President Trump would be on firm ground, and most likely to achieve results, if he makes an early statement that: (1) reaffirms his commitment to working with the parties and regional players to resolve conflict; and (2) frames his goal as a nonmilitarized Palestine and 1967 lines with mutually agreed swaps. In doing so, Trump would be building on a framework grounded in long-standing U.S. policy positions to advance the interests of the United States, Israel, and the United States’ closest partners in the Middle East.15
Two key existing elements that could help in constructing a new framework include U.S. positions on territory and security and the Arab Peace Initiative.

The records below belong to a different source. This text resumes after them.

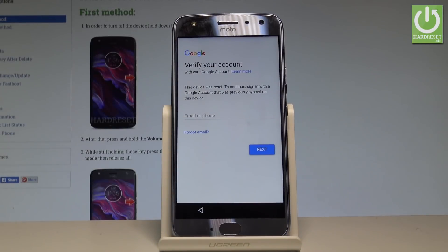Here I have Motorola Moto X4. Let me show you how to accomplish bypassing Google verification and how to remove the factory reset protection on the following device.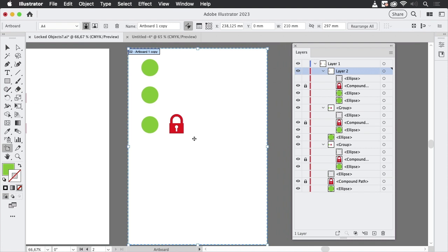It somewhat depends on how your objects are organized exactly. So be careful when locking - and when then moving, it might still be moved.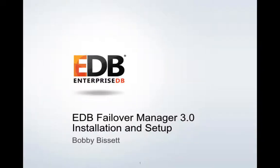In this video, we will show the installation and setup of EDB Failover Manager version 3.0. On this virtual machine, I already have EDB Postgres Advanced Server installed and running.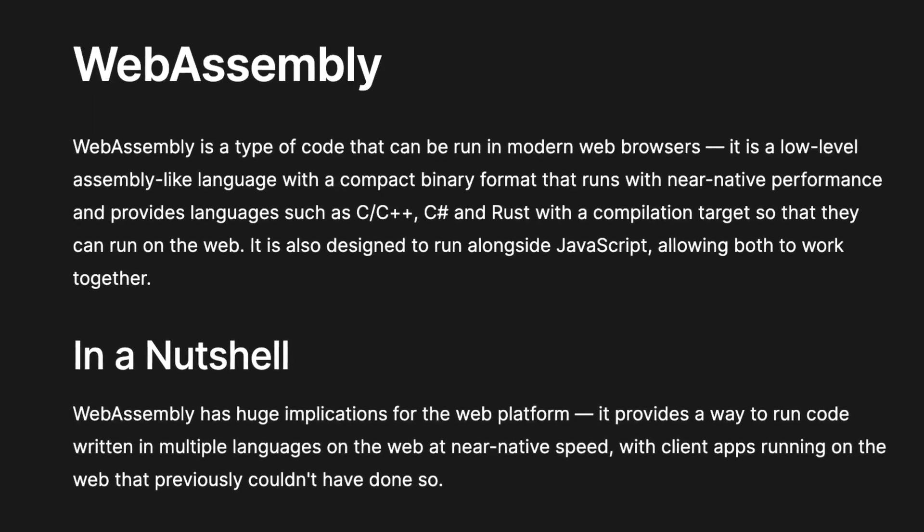Are you still running your services on containers? Come on, it's time to start using WebAssembly. WASM is faster, uses less resources, and is more secure than a standard container.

U.S. positions on territory and security
The U.S. position on territory and security with respect to Israeli-Palestinian framework issues has remained consistent over nearly two decades. President Bill Clinton, President George W. Bush, and President Barack Obama have each cited the absolute of Israel’s right to self-defense against any threat; required robust provisions to prevent terrorism; and stated that the future Palestinian state be nonmilitarized.16 Each described a U.S. commitment to a negotiated two-state resolution that would result in a sovereign, sustainable Palestine and a secure Israel, with borders based on 1967 lines with mutually agreed swaps.17
Arab Peace Initiative
The Arab Peace Initiative, launched in 2002 by the late King Abdullah of Saudi Arabia, calls for withdrawal to 1967 lines—and from the Golan—as well as “a just solution to the Palestinian refugee problem to be agreed upon in accordance with UN General Assembly Resolution 194.”18 It also calls for accepting a sovereign and independent Palestinian state in the West Bank and Gaza with East Jerusalem as the capital.19 The Arab League endorsed the initiative in 2002 at its Beirut Summit and re-endorsed it in 2007. The latest version, endorsed in 2013, calls for the initiative to be based on the two-state solution on the basis of 1967 lines, with the possibility of comparable and mutually agreed-upon minor swaps of the land between Israel and Palestine.20 Israel’s ambassador to the United States described the 2013 Arab Peace Initiative as “version 1.25” but in the context of openness to conversations toward a version 2.0.21
Moving forward, resolving the Israeli-Palestinian conflict requires advancing a framework that includes the desired destination but also captures the coordinated and simultaneous steps necessary to achieve progress on several fronts to improve the lives and security of Israelis and Palestinians alike. The framework should focus on four areas: security; politics and governance; water and electricity service delivery; and economic progress.
Security
Grappling with security is a daily worry. Palestinian security forces coordinate closely with Israeli military and security operations on their complexly intertwined population and geography, and the ever more volatile region that they face together. Consider that in the West Bank, Palestinians number 2.6 million, and Israelis number 570,000. In the West Bank, 19.3 percent of Israelis are living beyond the 1967 line, but this includes nearly 200,000 living within greater Jerusalem, and another 150,000 living in three major settlements surrounding Jerusalem: Beitar Illit; Modi’in Illit; and Maale Adumim.22 East of the security barrier, there are 110,000 Israelis, or 4.5% of the total population.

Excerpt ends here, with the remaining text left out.